Under more recent sentencing laws known as determinate-plus, the number of people meeting the criteria and getting out homeless is getting less and less. Determinate-plus means the Indeterminate Sentencing Review Board has the authority to allow us to keep them locked up when they have no residence to release to. We don’t put people under a bridge because we want to.

Q: Many states face a similar problem of homeless sex offenders. In Washington, can we find them all homes?

A: Can we house all the homeless offenders? We haven’t figured out how to yet. There were some noble efforts by legislators to try and get their arms around this in the last couple of legislative sessions. Do you remember the molester motels? That was the same problem with a different solution. We want to find them a place to stay where it is safer for all of us.
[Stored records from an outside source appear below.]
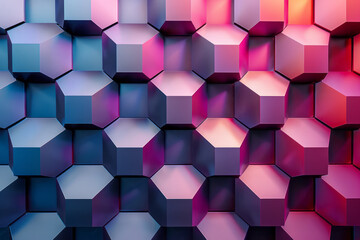 Poster - Dynamic geometric wallpaper design with a gradient and moving hexagonal patterns,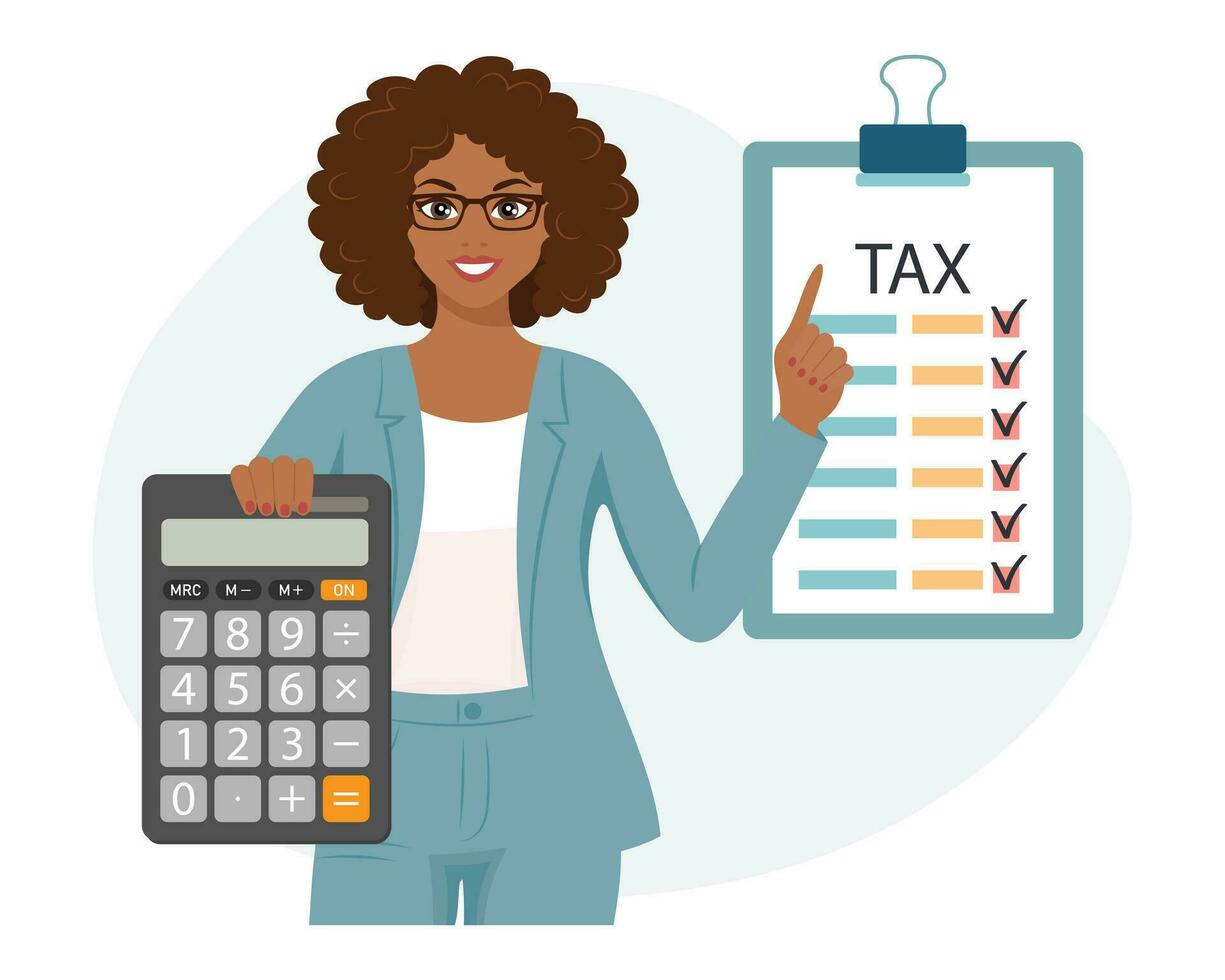 Woman with calculator and tax form. Tax payment concept. Financial tax accounting, audit or accounting services. Cartoon illustration. Vector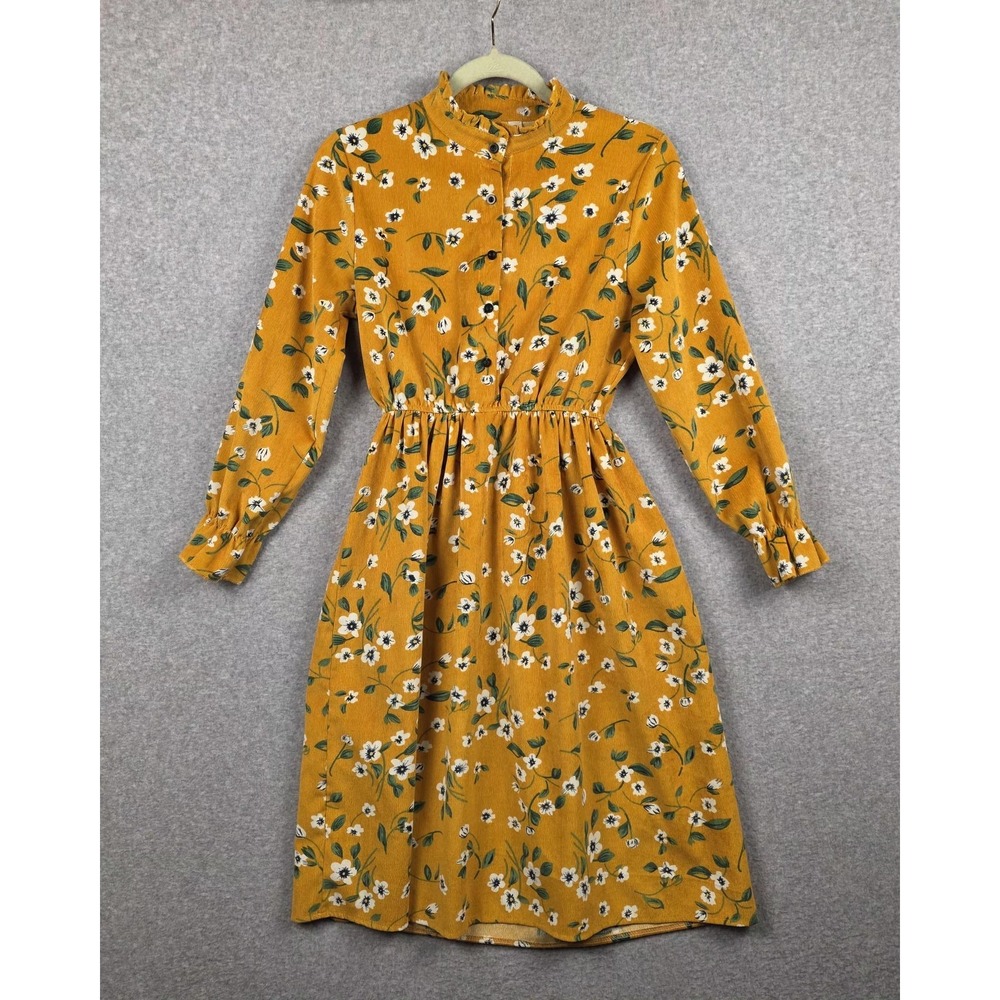 CRFS Dress Womens One Size Yellow Floral‎ Corduroy Fit Flare Mock Neck Midi Boho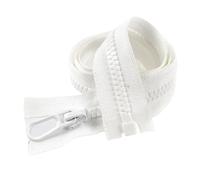 Cerniere per cucito, Confezione da 2 cerniere in resina con estremità aperte, doppi cursori, 70-150 cm, n. 8/15, in bianco e nero, for la riparazione di indumenti cucire(Single white,90CM-NO.15)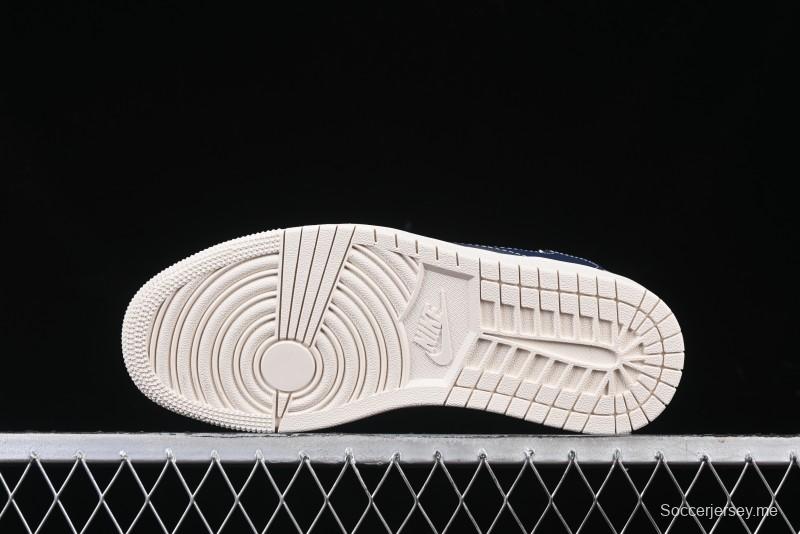 Nike Travis Scott x Fragment Design x Air Jordan 1 Low OG SP AJ1 Retro Sneakers with Reverse Swoosh - CF3688-066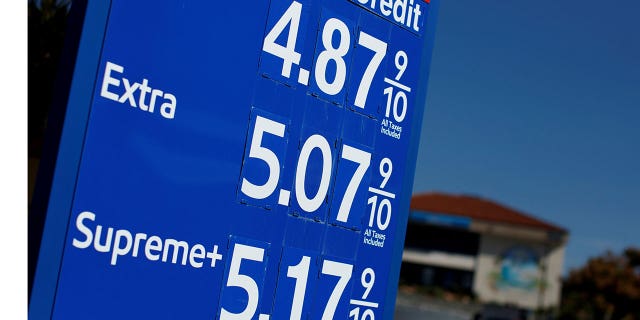 FILE PHOTO: Gas prices grow along with inflation as this sign at a gas station shows in San Diego, California, U.S. November, 9, 2021. REUTERS/Mike Blake/File Photo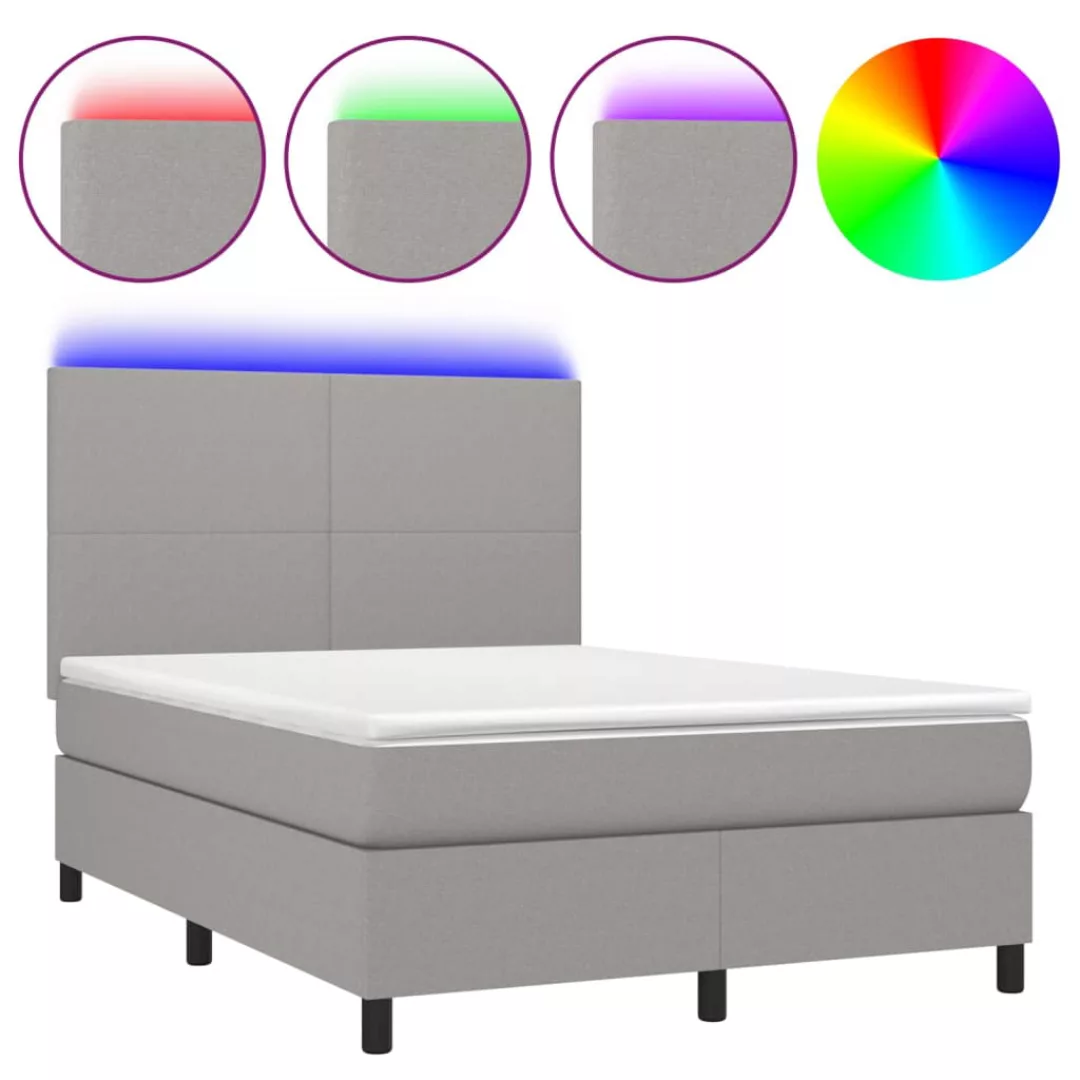 Vidaxl Boxspringbett Mit Matratze & Led Hellgrau 140x200 Cm Stoff günstig online kaufen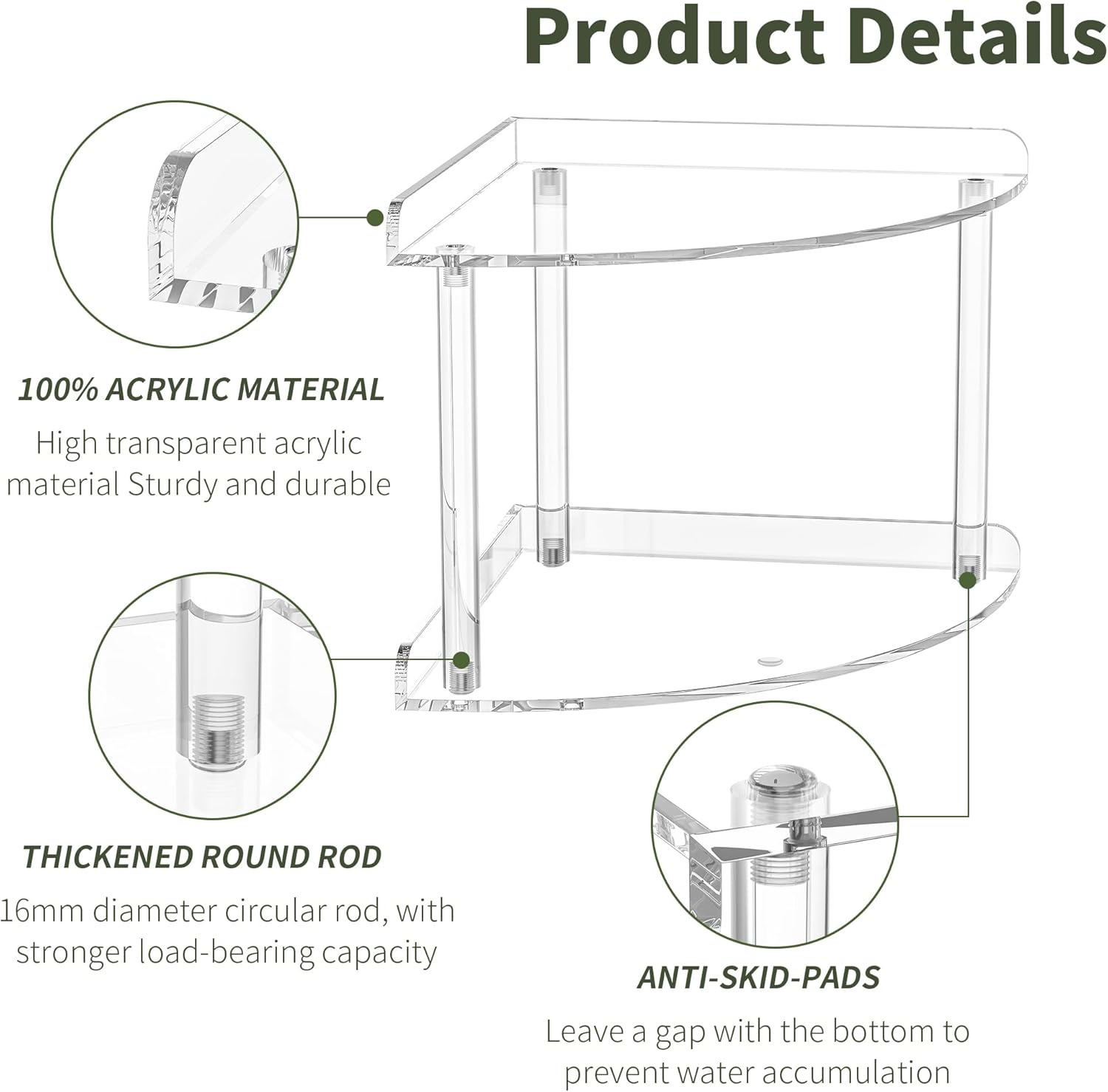 Estante organizador de esquina de acrílico de 2 niveles, 9.5 x 9.5 x 8 pulgadas, estante esquinero transparente para encimera para baño, cocina,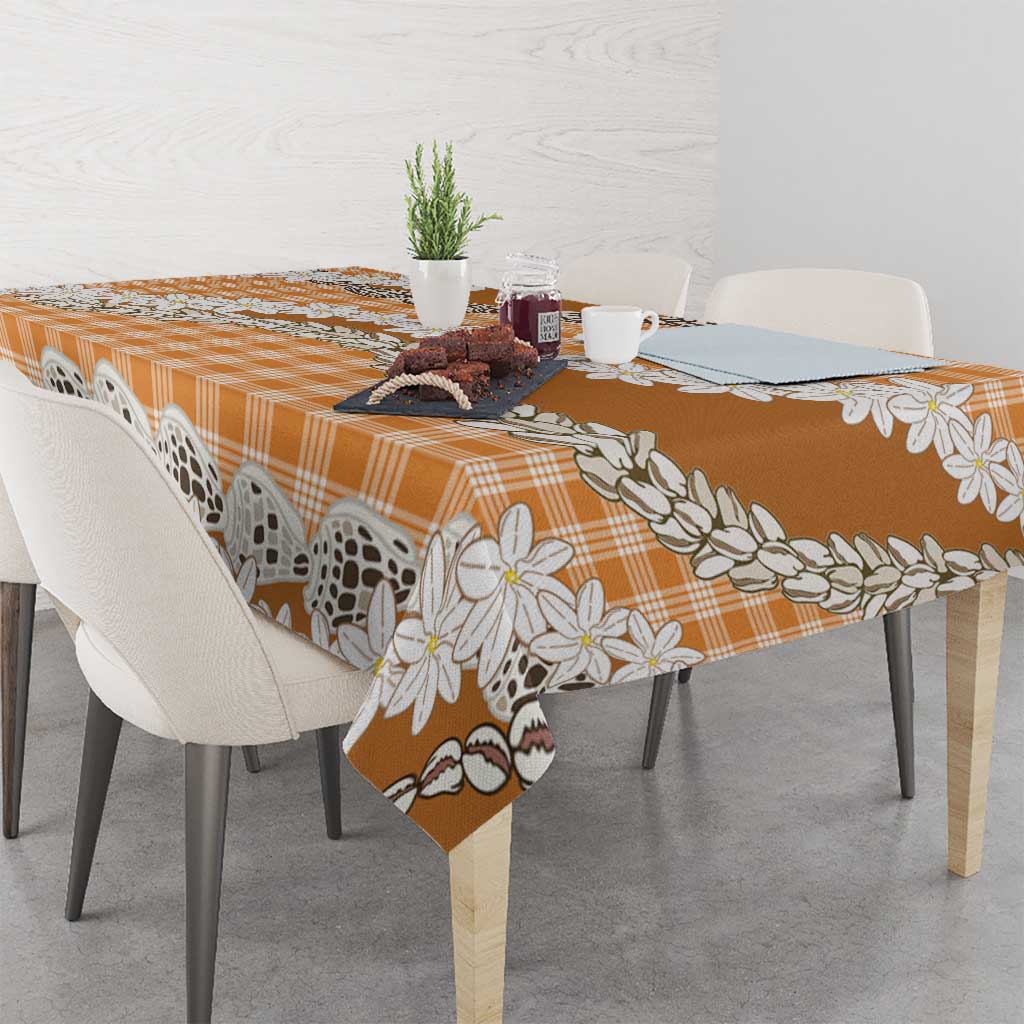 Orange Hawaii Tiare and Shell Lei Tablecloth Hawaiian Palaka Luxury Vibes LT14 - Polynesian Pride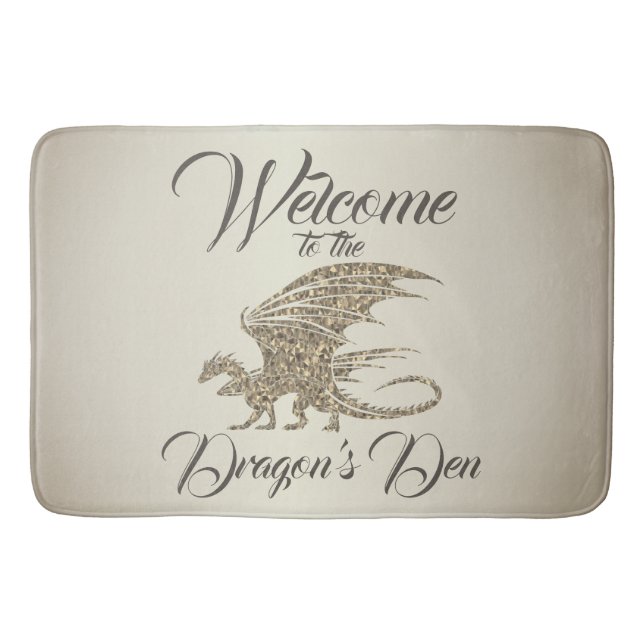 Amazing Mosaic Dragon Golden Welcome Bath Mat (Front)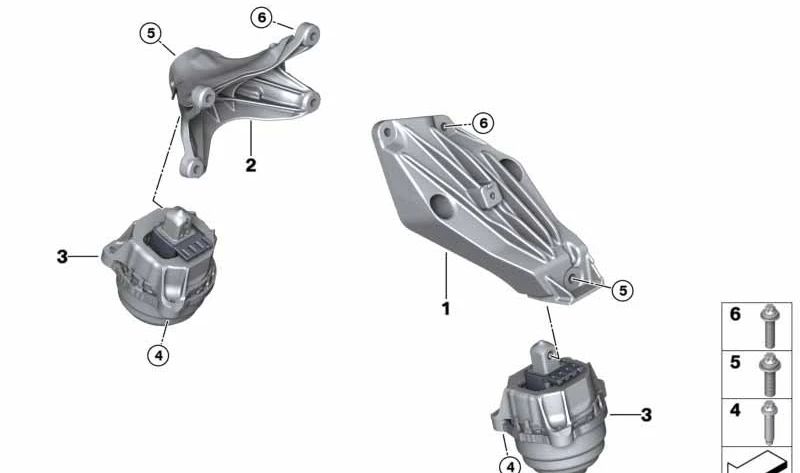 Soporte motor derecho OEM 22116860458 para BMW G20, G21, G26, G30, G31, G11, G12, F90, F91, F92, F93, G14, G15, G16, F97, F98, G05, G06, G07, G09. Original BMW.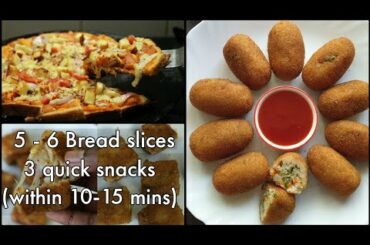 5 to 6 bread slices, 3 quick snacks recipes - Snacks with bread - Bread recipes - Snacks recipes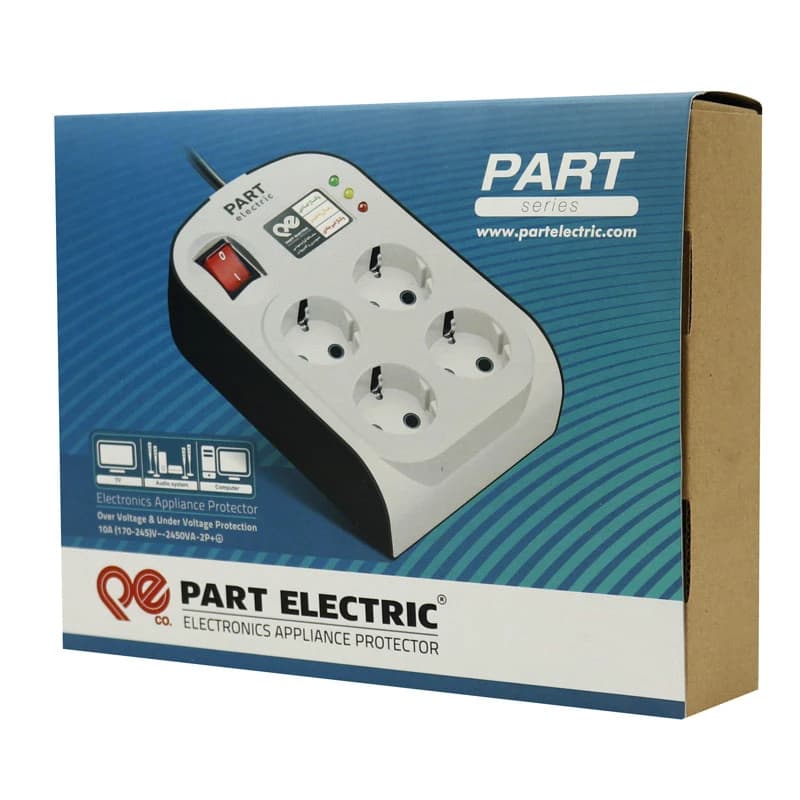 محافظ برق صوتی تصویری 4 خانه ارت دار پارت الکتریک PE8792 با کابل 3 متری — تصویر ۲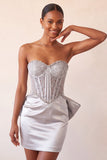 Silver Sweetheart Bodycon Corset Homecoming Dress with Bow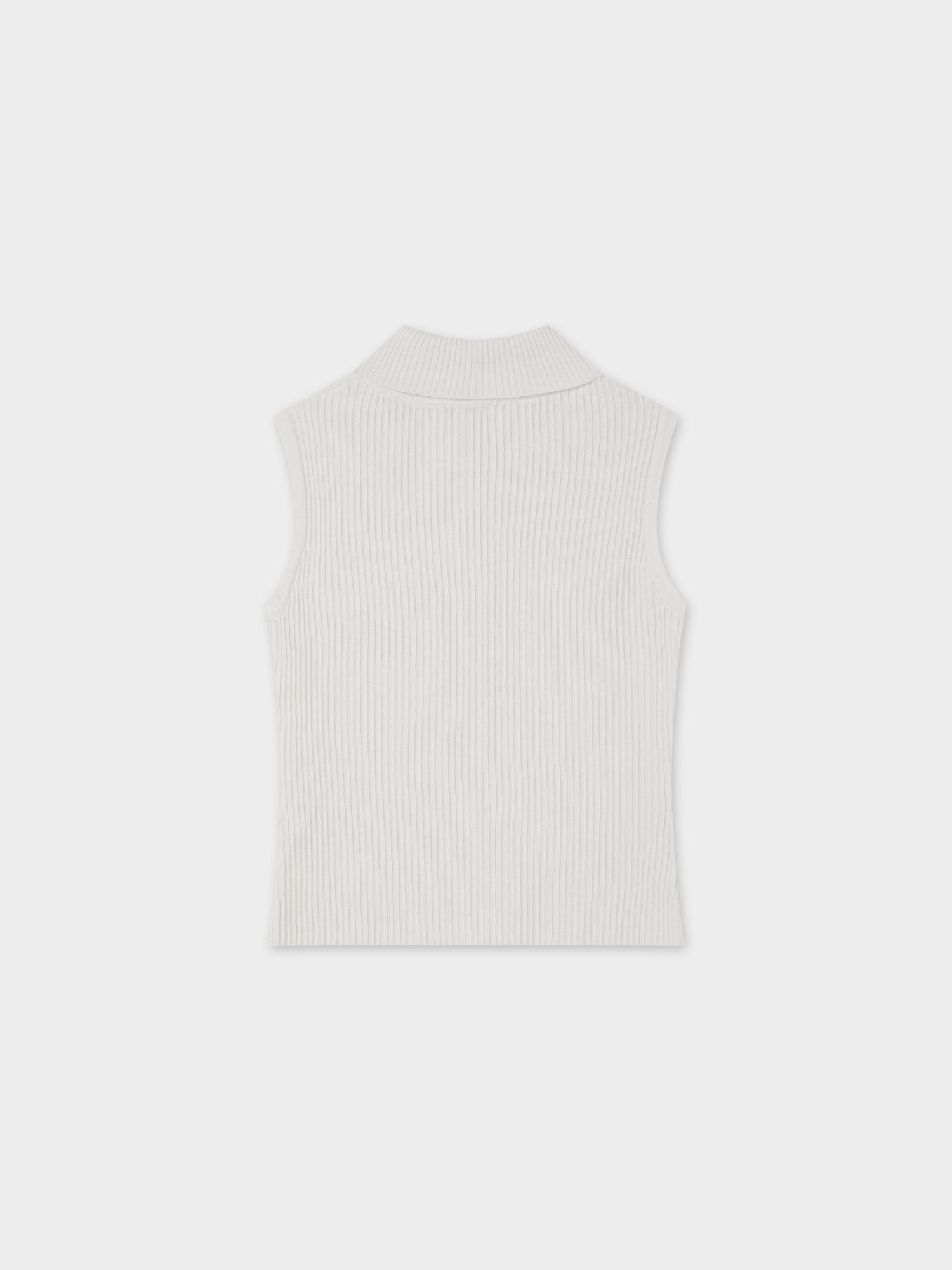 Sleeveless Ribbed Turtleneck-Ivory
Q: Why can’t they be housed in trailers on the grounds of the prisons?

A: I had thought of that, but it doesn’t solve the problem. They are free citizens, although with the restrictions of community supervision. We have some control over where they can go, but they have rights to move around freely and go to work, to the store, to town, to church, etc. Think about what would happen if we housed sex offenders in trailers on the prison grounds at Monroe or Walla Walla. I suspect the communities would be concerned with this as a solution to the problem and rightly so. It doesn’t necessarily solve the problem, but I can’t say I haven’t thought about it.

Q: Some lawmakers talk of building halfway houses. Do you support that?

A: Yes, I absolutely do, but it gets to the issue of how do you site them. I would argue it is better for the homeless sex offenders to be somewhere and not under a bridge. I don’t know if our communities are ready for it.

Q: Do you think any new laws are needed as a result of this case?

A: Not for me, but that doesn’t mean there aren’t policymakers out there who see a way to try and fix the situation. I don’t know what law would be passed that would fix the problem.

Q: Has the governor asked you for anything?

A: No, we have not had that conversation.

Q: Rep. Al O’Brien, D-Mountlake Terrace, wants the maximum penalty for disabling or removing a GPS device to be life in prison. Do you agree?

A: I don’t know. We’ll need to talk about how to enhance the penalty. There should be significant penalties for this.

Q: The big question is this: Can you prevent another escape like David Torrence?

A: No. Next time, if there is a victim enrolled, we will make sure they are notified. But there is nothing fail-safe about the GPS. The good news is that with GPS we will know the offender has decided he is not going to play by the rules and we can get the warrant out for his arrest.